The money that you borrow from your 401k loan must usually be paid back within a time period of five years or less. If you want to use that money towards the purchase of a house, then your loan period and the amount of time you have to pay back the money is usually extended to a longer amount of time. You are allowed to borrow at least half of the retirement funds that are present in your bank account at the time of the loan request, or at least $50,000. When it is time for the funds to start being paid back into the 401k account, the payments will be in an automatic deduction from your paycheck at work when you are paid at the end of the work period.


401k limits on interest rates are consistent and comparable to the rates you would experience with a typical consumer loan that has competitive rats as well. But when you pay back money into your loan, the money is not lost to another bank or lender. Instead, you are paying back into your own 401k Loan account and its savings for the future.

Your credit will never be checked when you apply to borrow money from your 401k retirement account for this reason, because you are only borrowing the money from yourself and your retirement funds, giving you no reason to be denied of funds based on your credit score.

But if you plan on borrowing these funds from your retirement and your 401k, you should beware. These funds should truly only be used in the event of a financial emergency. The negative impact that it can hold if something goes wrong should be noted. The money that you borrow from your 401k loan will make you forfeit much of the potential interest that you may have accumulated from your previous investments into the fund because that money will not be available in your 401k account any longer.


Also, when you begin to repay any of the monies that you have borrowed from your 401k account, you may also notice that this money is from your own paycheck every pay period, after taxes, which leaves you with less money to spend for yourself.

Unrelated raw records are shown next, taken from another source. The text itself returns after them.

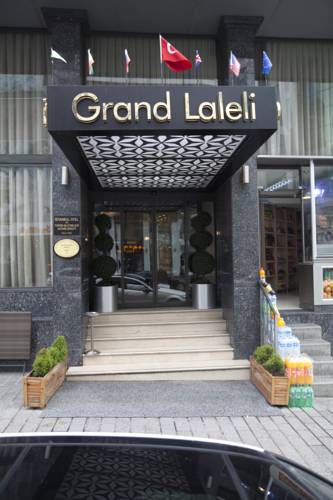 Recenzje hoteli Grand Laleli Hotel
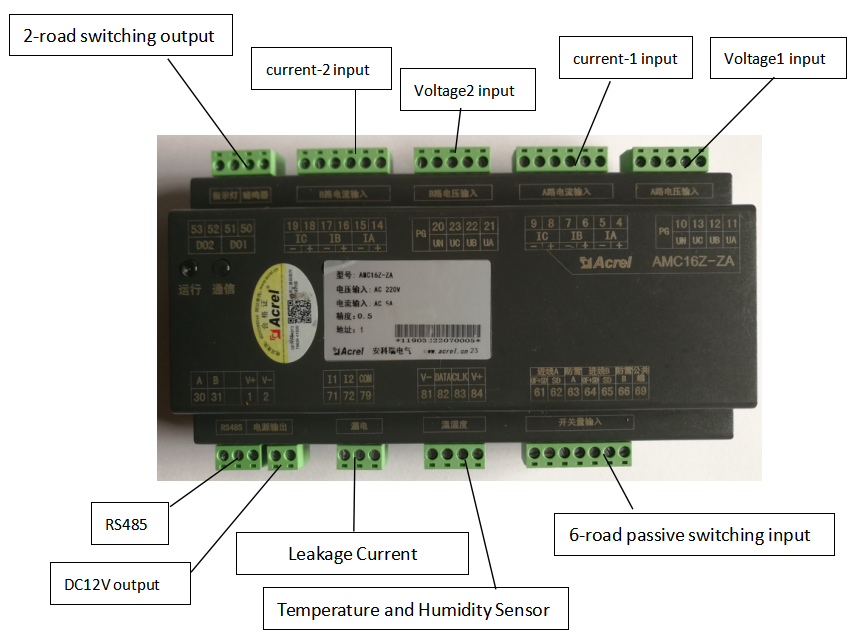 AC multi circuit monitoring solution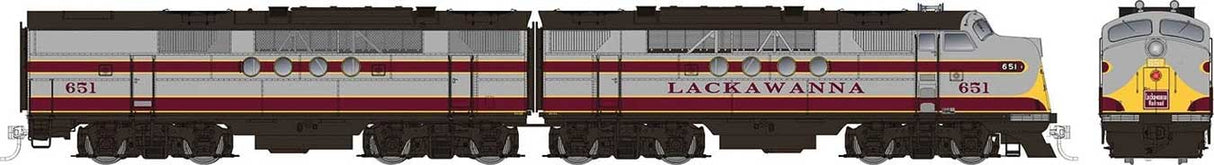 Image for 606-53019 EMD FT A+B DC DL&W 653A+6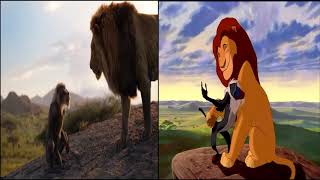 Video thumbnail of "The Lion King - Circle Of Life 2019 vs 1994 Comparison"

If you lose your job while you've borrowed money from your 401k, which is possible in our economy, there can be further problems. Your loan is due immediately 60 days from your unemployment period with your company. If you are unable to pay that money back in the amount of time given, the money is then going to be subject to penalties, federal income tax, and state income tax, which can cause you further expenses and problems.

So before you borrow money from your 401k loan and from your future retirement, be sure to step back and consider all of the consequences and possibilities.